The first one is that providing more services results in more health and wellbeing.  In many respects this is incorrect.  Education, social class, behaviours have a greater influence on a population’s health.  An over-emphasis on the new technology and acute services tends to neglect the preventative measures that can prevent illness in the first place.  The bias is towards rescue rather than prevention.  The role of health and wellbeing is central to improvement in society’s health.  It is a key strategy in the achievement of optimal health in children.  It also offers great dividends for adults in relation to smoking cessation, alcohol moderation, exercise and weight management, and good mental health.

The second assumption is that clinical evidence alone can determine the best treatment.  The patient’s personal circumstances and individual circumstances should be routinely included in the decision processes.  This clearly takes more time, and more explanation.  The benefits, however, are considerable.  The patient is both better informed and better prepared for the surgical intervention or medical treatment that has been mutually agreed.

The third assumption being challenged is that healthcare can only be delivered by healthcare professionals.  While this is true for surgery and complex medical conditions, there are many situations where key elements of the patient’s care can be provided by other family members.  There is room for more dialogue and co-operation between healthcare workers and community support systems.

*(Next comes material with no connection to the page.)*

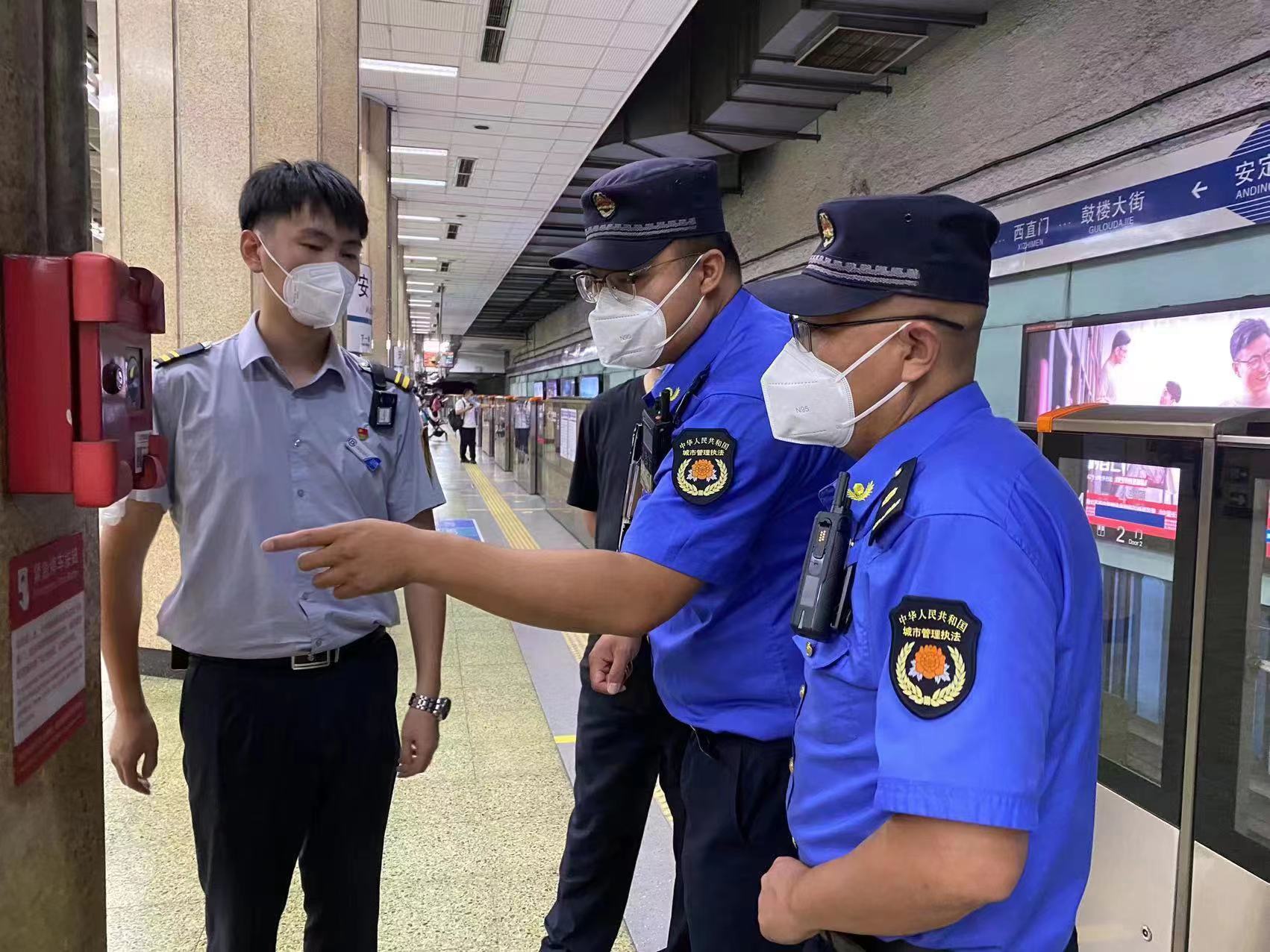 強化動態監測，抓好外語標識規范.jpg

Many families provide lifelong support to their relative with chronic conditions including intellectual disability.  Their major contribution needs greater recognition and support.

Overuse of high cost acute care and underuse of primary care and community services is both wasteful and costly.  Also it is not what patients want.  They want integrated care as close to home as possible.  Therefore patients should be a source of learning that informs healthcare planning. 

JFA Murphy

Editor

References

  1. Mulley A, Coulter A, Wolpert M, Richards T, Abbasi K. New approaches to measurement and management for high integrity health systems.  BMJ 2017;356:1401
  2. Darker C. Integrated healthcare in Ireland. A critical analysis and a way forward. tcd.ie/healthcare/integratedcare.